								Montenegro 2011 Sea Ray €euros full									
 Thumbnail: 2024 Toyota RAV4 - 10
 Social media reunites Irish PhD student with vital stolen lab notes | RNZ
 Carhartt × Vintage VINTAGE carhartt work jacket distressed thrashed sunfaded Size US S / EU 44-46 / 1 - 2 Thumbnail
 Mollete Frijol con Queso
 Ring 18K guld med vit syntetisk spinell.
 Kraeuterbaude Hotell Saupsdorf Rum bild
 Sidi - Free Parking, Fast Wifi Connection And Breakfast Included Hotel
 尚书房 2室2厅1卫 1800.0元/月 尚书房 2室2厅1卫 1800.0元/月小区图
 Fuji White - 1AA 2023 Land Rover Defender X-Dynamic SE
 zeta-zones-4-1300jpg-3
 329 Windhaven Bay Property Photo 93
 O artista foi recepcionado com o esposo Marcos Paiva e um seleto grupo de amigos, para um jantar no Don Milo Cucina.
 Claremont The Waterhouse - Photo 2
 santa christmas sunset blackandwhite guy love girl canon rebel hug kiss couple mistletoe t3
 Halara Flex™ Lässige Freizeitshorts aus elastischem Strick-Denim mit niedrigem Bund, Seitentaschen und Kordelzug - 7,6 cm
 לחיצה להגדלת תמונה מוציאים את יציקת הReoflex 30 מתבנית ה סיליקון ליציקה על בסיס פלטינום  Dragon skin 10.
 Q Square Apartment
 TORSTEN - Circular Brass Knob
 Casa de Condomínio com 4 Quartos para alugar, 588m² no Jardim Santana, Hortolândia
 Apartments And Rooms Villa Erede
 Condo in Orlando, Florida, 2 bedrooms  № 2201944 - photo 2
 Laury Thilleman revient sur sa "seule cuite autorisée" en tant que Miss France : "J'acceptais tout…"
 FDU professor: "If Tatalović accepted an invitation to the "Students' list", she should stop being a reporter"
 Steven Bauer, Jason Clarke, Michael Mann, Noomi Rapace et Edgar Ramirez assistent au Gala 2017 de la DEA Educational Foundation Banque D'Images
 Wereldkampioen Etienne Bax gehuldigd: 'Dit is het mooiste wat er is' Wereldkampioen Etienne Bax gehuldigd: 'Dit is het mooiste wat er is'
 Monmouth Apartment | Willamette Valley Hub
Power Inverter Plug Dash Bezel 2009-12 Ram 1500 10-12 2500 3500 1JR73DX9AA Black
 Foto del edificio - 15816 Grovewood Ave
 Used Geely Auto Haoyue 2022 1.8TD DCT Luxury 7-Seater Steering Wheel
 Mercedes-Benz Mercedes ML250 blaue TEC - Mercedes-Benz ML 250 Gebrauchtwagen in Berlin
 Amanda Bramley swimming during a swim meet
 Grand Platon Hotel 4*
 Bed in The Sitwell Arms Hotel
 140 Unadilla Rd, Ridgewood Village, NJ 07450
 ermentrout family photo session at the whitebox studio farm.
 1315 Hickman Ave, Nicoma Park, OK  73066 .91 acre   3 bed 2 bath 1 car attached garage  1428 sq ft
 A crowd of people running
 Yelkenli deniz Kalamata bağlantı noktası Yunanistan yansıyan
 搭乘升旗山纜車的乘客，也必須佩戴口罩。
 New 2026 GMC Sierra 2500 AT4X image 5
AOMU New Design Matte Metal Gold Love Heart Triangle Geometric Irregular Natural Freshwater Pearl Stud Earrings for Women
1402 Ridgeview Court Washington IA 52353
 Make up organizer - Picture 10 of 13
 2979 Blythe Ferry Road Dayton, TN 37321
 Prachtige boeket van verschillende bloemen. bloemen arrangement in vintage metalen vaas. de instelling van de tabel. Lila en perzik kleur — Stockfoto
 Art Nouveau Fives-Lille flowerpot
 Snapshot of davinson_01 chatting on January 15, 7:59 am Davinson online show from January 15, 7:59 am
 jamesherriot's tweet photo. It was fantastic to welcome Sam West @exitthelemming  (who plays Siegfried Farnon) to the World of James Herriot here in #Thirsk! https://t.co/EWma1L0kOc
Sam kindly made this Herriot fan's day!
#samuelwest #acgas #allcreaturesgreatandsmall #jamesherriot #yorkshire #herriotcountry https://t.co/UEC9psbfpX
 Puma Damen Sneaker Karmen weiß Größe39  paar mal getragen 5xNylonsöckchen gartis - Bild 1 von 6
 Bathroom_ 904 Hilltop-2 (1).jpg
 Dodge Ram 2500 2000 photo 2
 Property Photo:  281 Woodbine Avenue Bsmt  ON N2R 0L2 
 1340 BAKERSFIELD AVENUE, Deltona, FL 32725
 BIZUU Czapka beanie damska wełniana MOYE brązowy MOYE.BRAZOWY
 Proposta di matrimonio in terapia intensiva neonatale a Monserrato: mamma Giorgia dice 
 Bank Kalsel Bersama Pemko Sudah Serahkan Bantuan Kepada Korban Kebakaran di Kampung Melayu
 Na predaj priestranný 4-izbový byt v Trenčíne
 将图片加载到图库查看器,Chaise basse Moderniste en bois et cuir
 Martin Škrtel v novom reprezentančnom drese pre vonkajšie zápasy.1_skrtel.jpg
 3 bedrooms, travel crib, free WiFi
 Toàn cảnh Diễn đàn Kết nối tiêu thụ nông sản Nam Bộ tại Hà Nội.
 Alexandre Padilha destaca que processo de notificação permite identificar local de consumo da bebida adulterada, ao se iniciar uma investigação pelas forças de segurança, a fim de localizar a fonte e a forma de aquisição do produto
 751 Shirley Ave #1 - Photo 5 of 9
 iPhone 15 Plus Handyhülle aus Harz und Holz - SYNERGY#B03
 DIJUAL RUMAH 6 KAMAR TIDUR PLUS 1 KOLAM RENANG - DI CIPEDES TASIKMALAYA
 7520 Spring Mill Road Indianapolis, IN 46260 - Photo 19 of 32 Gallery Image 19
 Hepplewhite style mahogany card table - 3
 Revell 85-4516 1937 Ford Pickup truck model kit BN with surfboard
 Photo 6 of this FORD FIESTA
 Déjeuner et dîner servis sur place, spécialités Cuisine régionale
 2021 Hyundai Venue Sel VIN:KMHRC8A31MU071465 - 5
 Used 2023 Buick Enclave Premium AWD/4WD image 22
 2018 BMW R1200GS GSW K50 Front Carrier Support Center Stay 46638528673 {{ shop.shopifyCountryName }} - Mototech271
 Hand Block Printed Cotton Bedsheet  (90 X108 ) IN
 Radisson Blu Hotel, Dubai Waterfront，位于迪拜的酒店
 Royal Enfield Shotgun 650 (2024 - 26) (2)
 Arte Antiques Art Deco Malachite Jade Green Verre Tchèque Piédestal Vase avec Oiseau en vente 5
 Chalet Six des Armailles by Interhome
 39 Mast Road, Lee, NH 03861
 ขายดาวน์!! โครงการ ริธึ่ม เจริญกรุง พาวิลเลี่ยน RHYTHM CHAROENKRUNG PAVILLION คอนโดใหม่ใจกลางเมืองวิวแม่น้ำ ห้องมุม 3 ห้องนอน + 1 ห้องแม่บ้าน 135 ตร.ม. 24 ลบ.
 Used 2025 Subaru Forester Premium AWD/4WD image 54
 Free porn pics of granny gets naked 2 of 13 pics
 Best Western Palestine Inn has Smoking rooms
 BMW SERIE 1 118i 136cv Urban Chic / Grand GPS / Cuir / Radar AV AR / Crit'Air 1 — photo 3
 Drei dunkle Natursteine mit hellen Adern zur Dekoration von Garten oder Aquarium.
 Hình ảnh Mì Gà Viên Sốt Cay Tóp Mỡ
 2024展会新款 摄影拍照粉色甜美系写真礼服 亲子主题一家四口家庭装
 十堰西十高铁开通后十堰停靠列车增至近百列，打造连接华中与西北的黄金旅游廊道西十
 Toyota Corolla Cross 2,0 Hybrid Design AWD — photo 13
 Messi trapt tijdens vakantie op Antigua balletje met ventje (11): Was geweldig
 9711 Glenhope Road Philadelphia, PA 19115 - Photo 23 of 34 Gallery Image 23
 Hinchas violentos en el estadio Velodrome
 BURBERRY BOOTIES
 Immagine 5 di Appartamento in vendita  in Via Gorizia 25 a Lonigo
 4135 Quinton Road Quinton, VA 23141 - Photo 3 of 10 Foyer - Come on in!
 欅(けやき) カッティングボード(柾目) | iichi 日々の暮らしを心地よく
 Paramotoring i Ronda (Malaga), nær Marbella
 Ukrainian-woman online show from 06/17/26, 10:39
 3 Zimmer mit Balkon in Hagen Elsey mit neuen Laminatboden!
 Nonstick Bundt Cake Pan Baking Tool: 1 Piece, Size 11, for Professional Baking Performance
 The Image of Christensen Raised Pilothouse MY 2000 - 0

### [What the task asks]
Set down, from the entries above, exactly the lines from the one with "Arte Antiques Art" up to and including the one with "Immagine 5 di", and no other lines.

### [Result]
 Arte Antiques Art Deco Malachite Jade Green Verre Tchèque Piédestal Vase avec Oiseau en vente 5
 Chalet Six des Armailles by Interhome
 39 Mast Road, Lee, NH 03861
 ขายดาวน์!! โครงการ ริธึ่ม เจริญกรุง พาวิลเลี่ยน RHYTHM CHAROENKRUNG PAVILLION คอนโดใหม่ใจกลางเมืองวิวแม่น้ำ ห้องมุม 3 ห้องนอน + 1 ห้องแม่บ้าน 135 ตร.ม. 24 ลบ.
 Used 2025 Subaru Forester Premium AWD/4WD image 54
 Free porn pics of granny gets naked 2 of 13 pics
 Best Western Palestine Inn has Smoking rooms
 BMW SERIE 1 118i 136cv Urban Chic / Grand GPS / Cuir / Radar AV AR / Crit'Air 1 — photo 3
 Drei dunkle Natursteine mit hellen Adern zur Dekoration von Garten oder Aquarium.
 Hình ảnh Mì Gà Viên Sốt Cay Tóp Mỡ
 2024展会新款 摄影拍照粉色甜美系写真礼服 亲子主题一家四口家庭装
 十堰西十高铁开通后十堰停靠列车增至近百列，打造连接华中与西北的黄金旅游廊道西十
 Toyota Corolla Cross 2,0 Hybrid Design AWD — photo 13
 Messi trapt tijdens vakantie op Antigua balletje met ventje (11): Was geweldig
 9711 Glenhope Road Philadelphia, PA 19115 - Photo 23 of 34 Gallery Image 23
 Hinchas violentos en el estadio Velodrome
 BURBERRY BOOTIES
 Immagine 5 di Appartamento in vendita  in Via Gorizia 25 a Lonigo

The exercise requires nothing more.